>>>

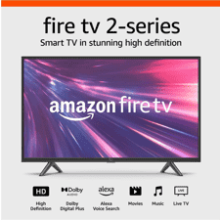 Fire TV 32" 2-Series: HD Smart TV with Alexa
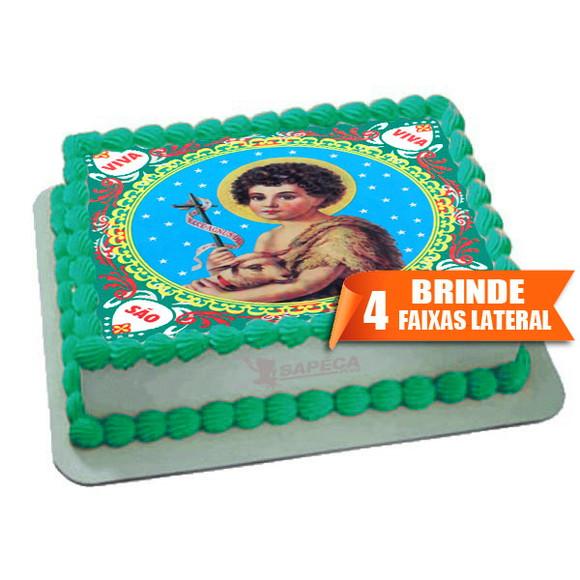 Papel arroz São João +Brinde Faixa Lateral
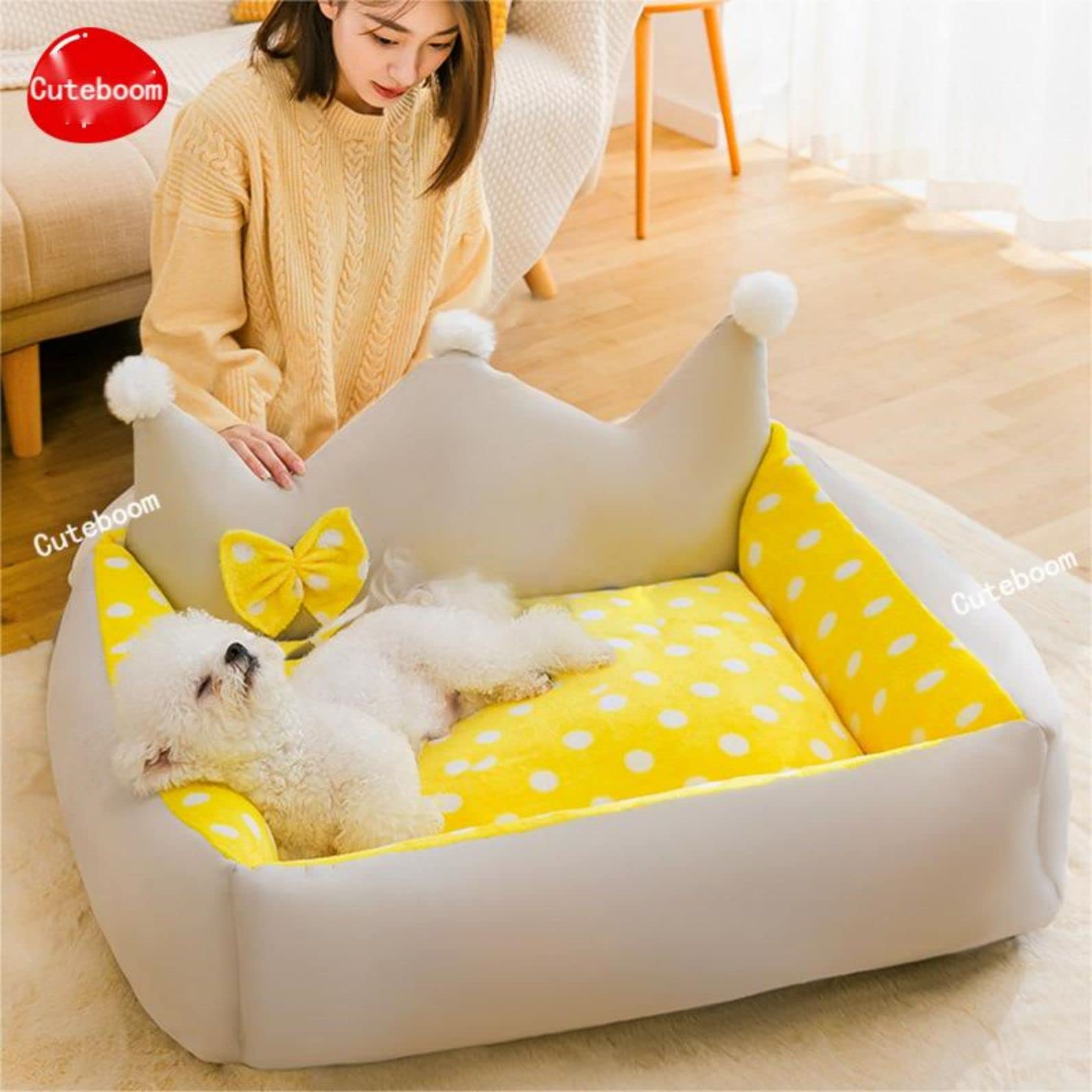 Cama grande para perros y gatos, nido de gato, cama cálida para perros, cama de perro en invierno, desmontable y lavable, cama para perros, perros pequeños y grandes
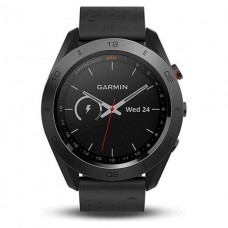 Спортивний годинник Garmin Approach S60 Premium Black Ceramic Bezel with Black Leather Band (010-01702-03)
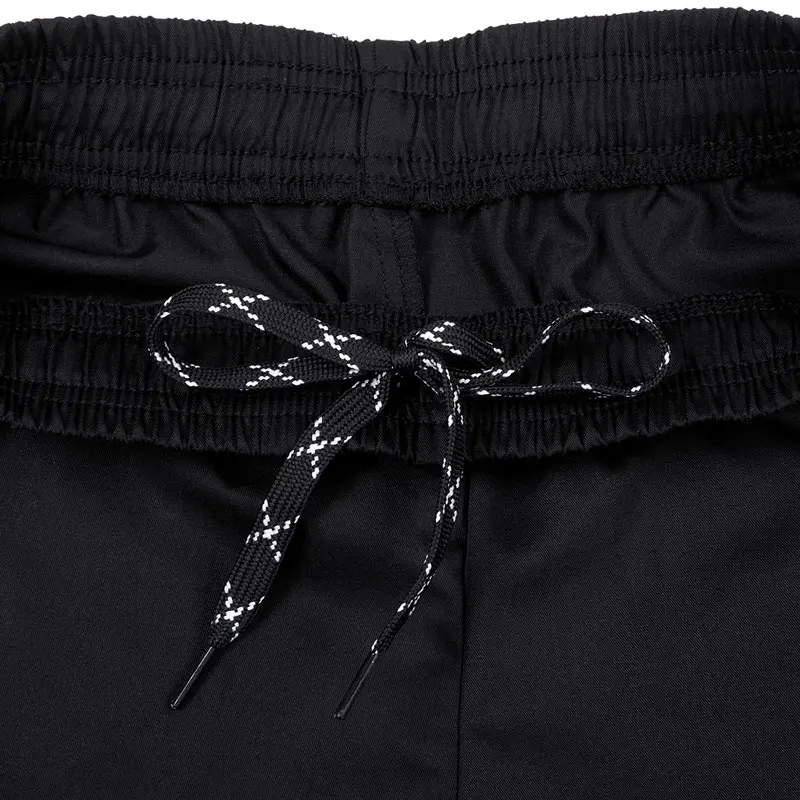 Брюки шеф повара с эластичным поясом черные брюки для ресторана отеля кофейни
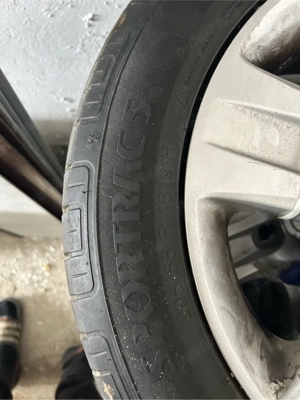 Jante Opel Zafira cauciucuri 205 55 166 Vredestein, stare f buna  - imagine 5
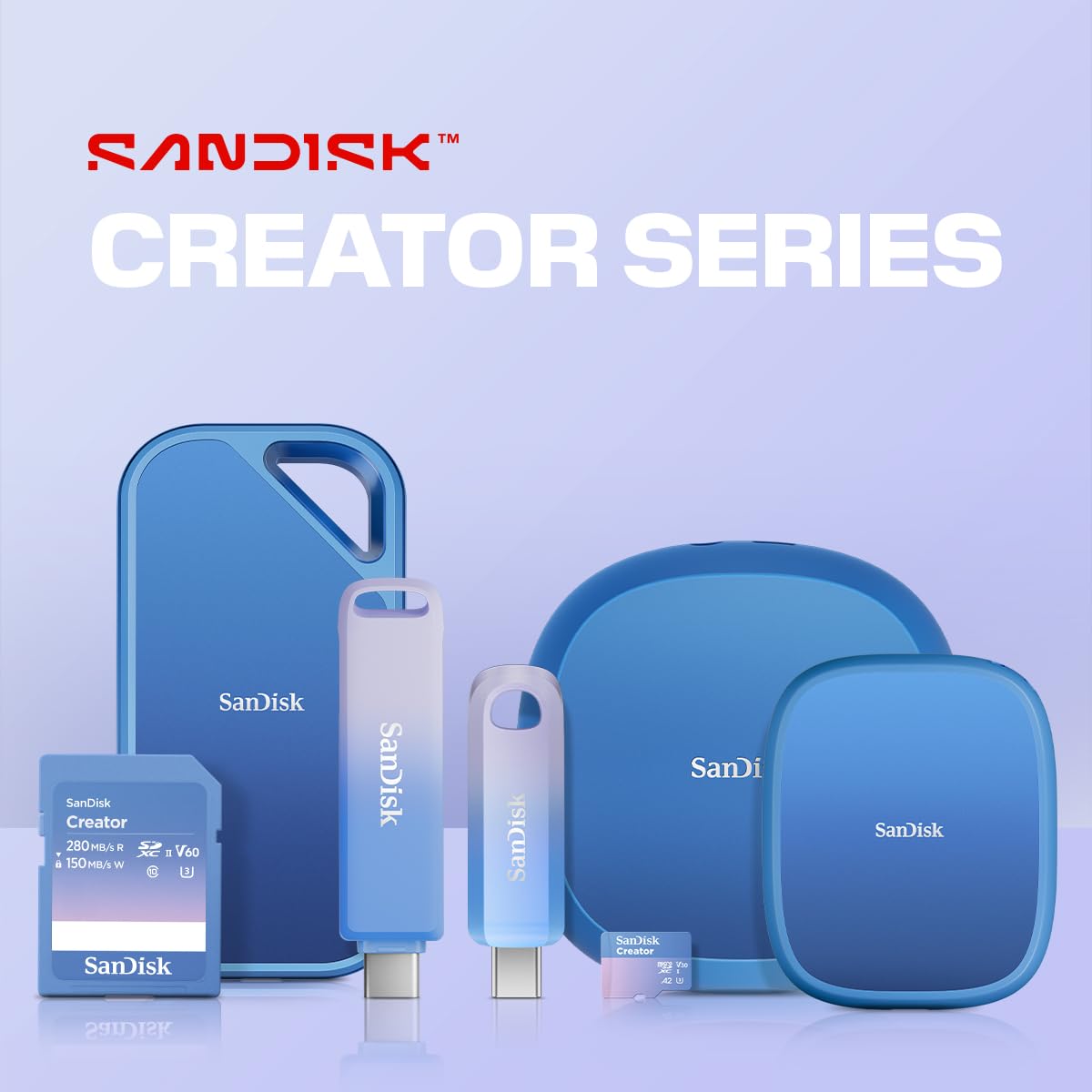 SanDisk - SSD para teléfono creador de 1 TB - hasta 1.000 MB/s - Compatible con MagSafe para tu Smartphone USB-C, Funciona con iPhone 15 Pro/Pro MAX o más Reciente - Dispara con ProRes - SDSSDE62C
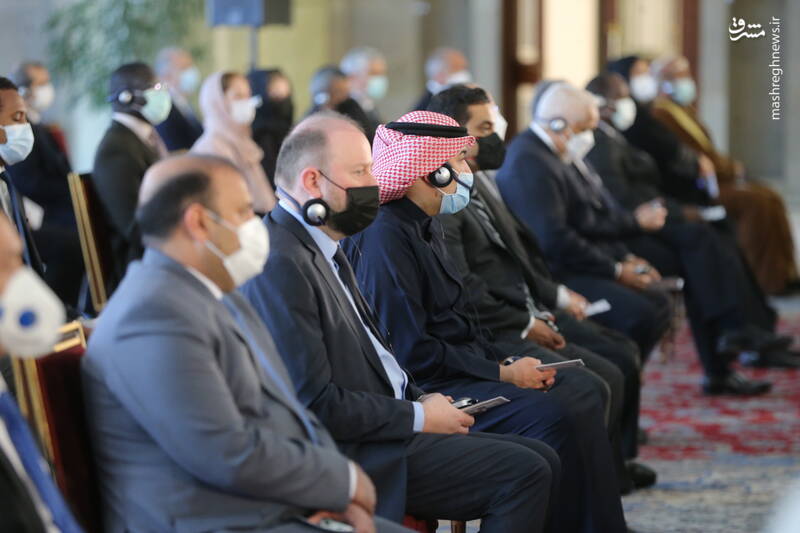 عکس/ مراسم سالگرد پیروزی انقلاب با حضور رئیسی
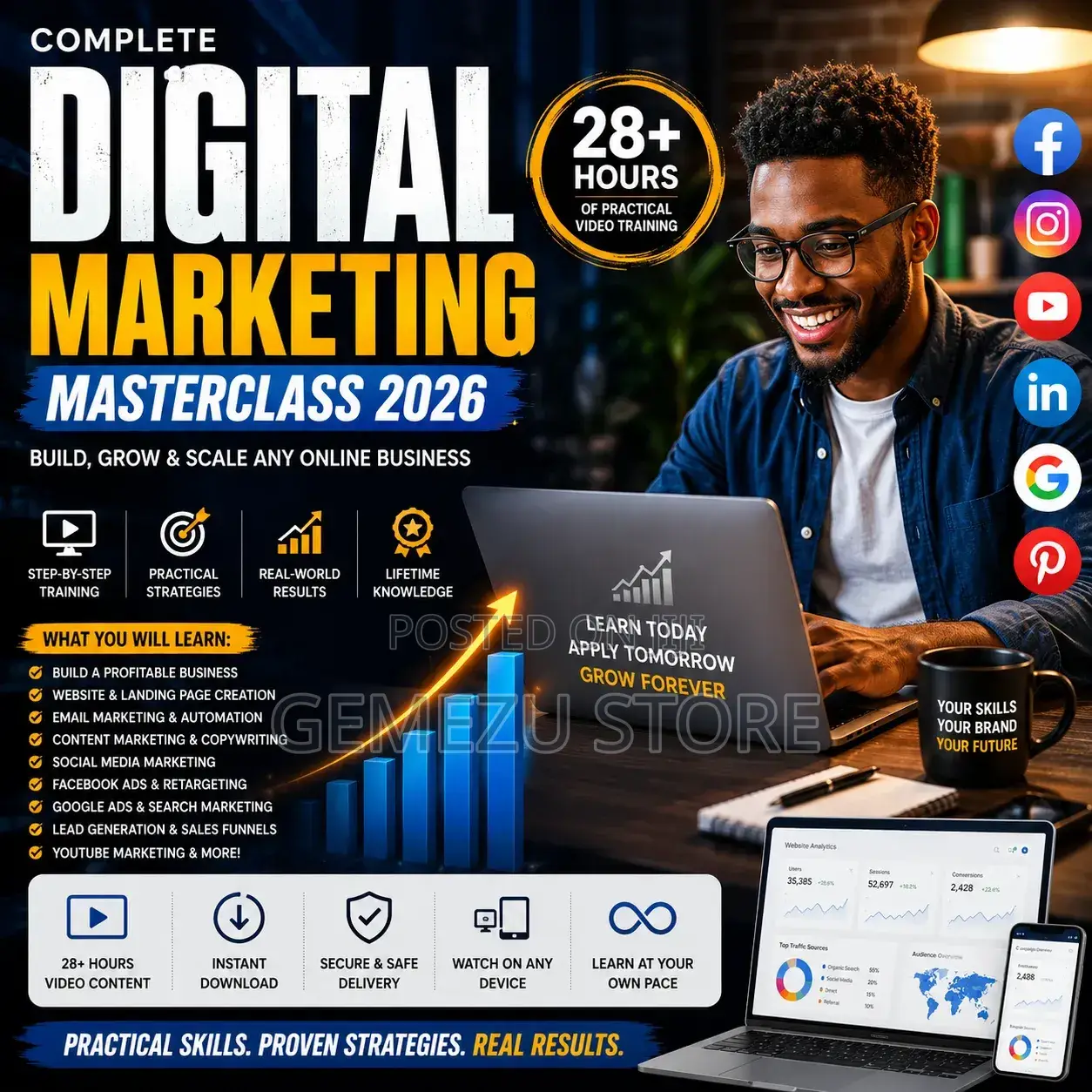 Complete Digital Marketing Masterclass 2026 | 28+ Hours Training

<<<

_Task description_
Output only the lines running from the top of the data above to the line with "Брюки шеф повара", inclusive, word for word and without pictures.

_Result of the exercise_
 Fire TV 32" 2-Series: HD Smart TV with Alexa
 Papel arroz São João +Brinde Faixa Lateral
 Cama grande para perros y gatos, nido de gato, cama cálida para perros, cama de perro en invierno, desmontable y lavable, cama para perros, perros pequeños y grandes
 Спортивний годинник Garmin Approach S60 Premium Black Ceramic Bezel with Black Leather Band (010-01702-03)
 Брюки шеф повара с эластичным поясом черные брюки для ресторана отеля кофейни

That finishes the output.